We have 4 datacenters that we wish to run CockroachDB in, us-east, us-west, us-central, europe-west. I’m curious if there are any tips on how to avoid the europe-west latency in writes. We are running all of the nodes with “–locality continent=${CONTINENT},region=${REGION}”. We are testing out CockroachDB for our sessions storage. We have around 1-2k sessions updates/inserts per second right now with around 40% coming from Europe and 60% from US. We see around 30-40 sessions migrate between US<->Europe every second but for the most part sessions on one continent stay on that continent.

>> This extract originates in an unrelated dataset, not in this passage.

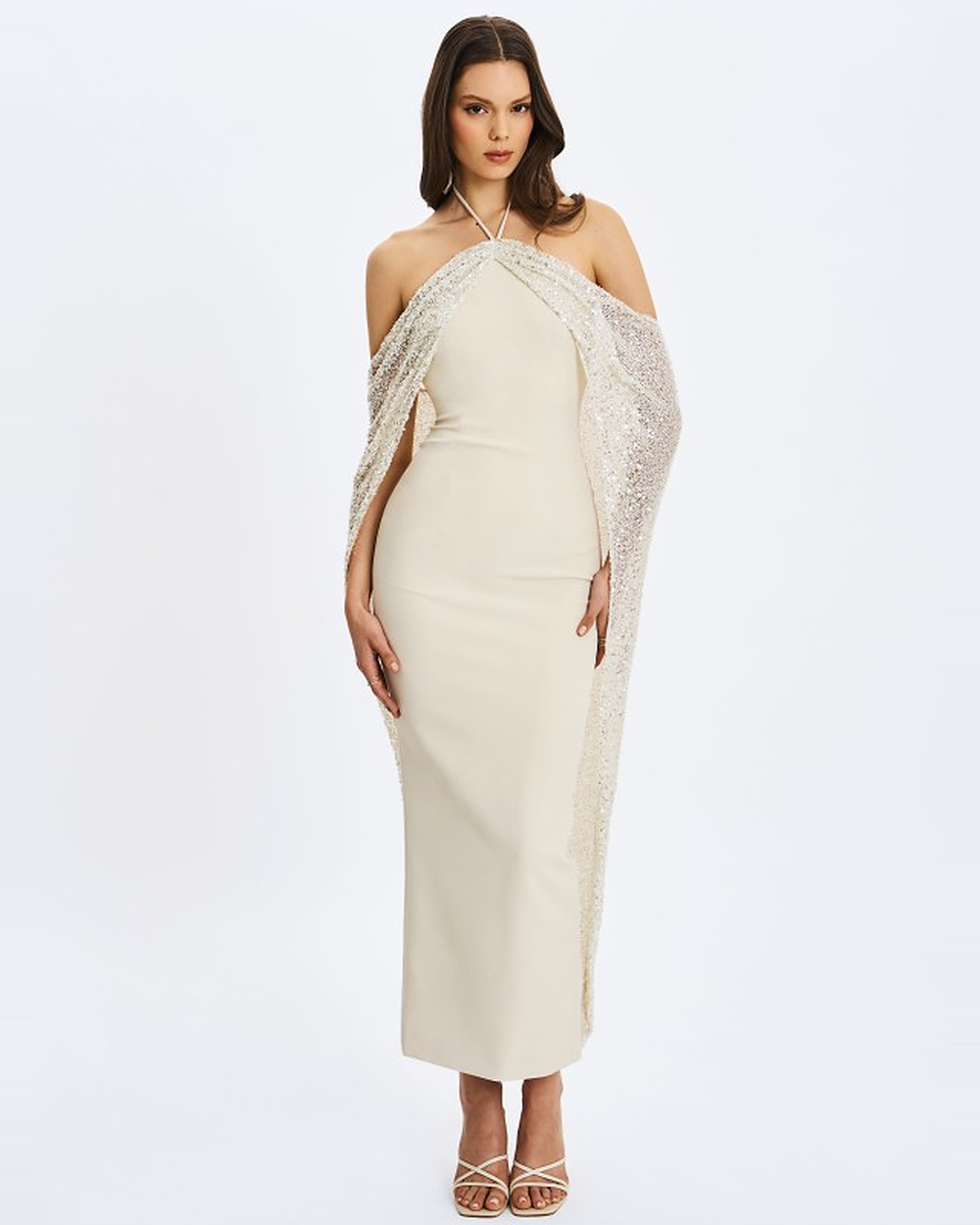 QUIMERA ALMOND BEADED CAPE HALTER OFF-SHOULDER MAXI GOWN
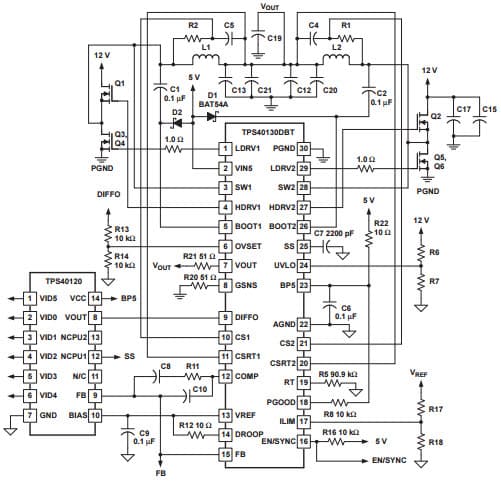 Typical Application Circuit with VID Control for TPS40130 CMOS Ripple Carry Binary Counter Driver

Specifically, a problem I envision is that since ranges are made up randomly with data a range can’t effectively be assigned a leaseholder in the most likely area of writes/reads. I haven’t found a way for us to tell CockroachDB about the relative locality of rows so it can try to keep alike rows (based on region of the session) in the same range. I read the “Follow-the-workload” but I’m concerned that since roughly half of requests would come from different regions, it won’t be able to effectively maintain a leaseholder in the best region.
If there isn’t a way to specify anything that affects the hash for ranges, would a table per region/dc make more sense then? Could we store the table name in the sessionID and then use that to do lookups in the correct table, which would then mostly contain rows from users in that region, and allow leaseholders to be more likely in the right region?
I also might be misunderstanding something about ranges or CockroachDB in general, so any clarity is greatly appreciated.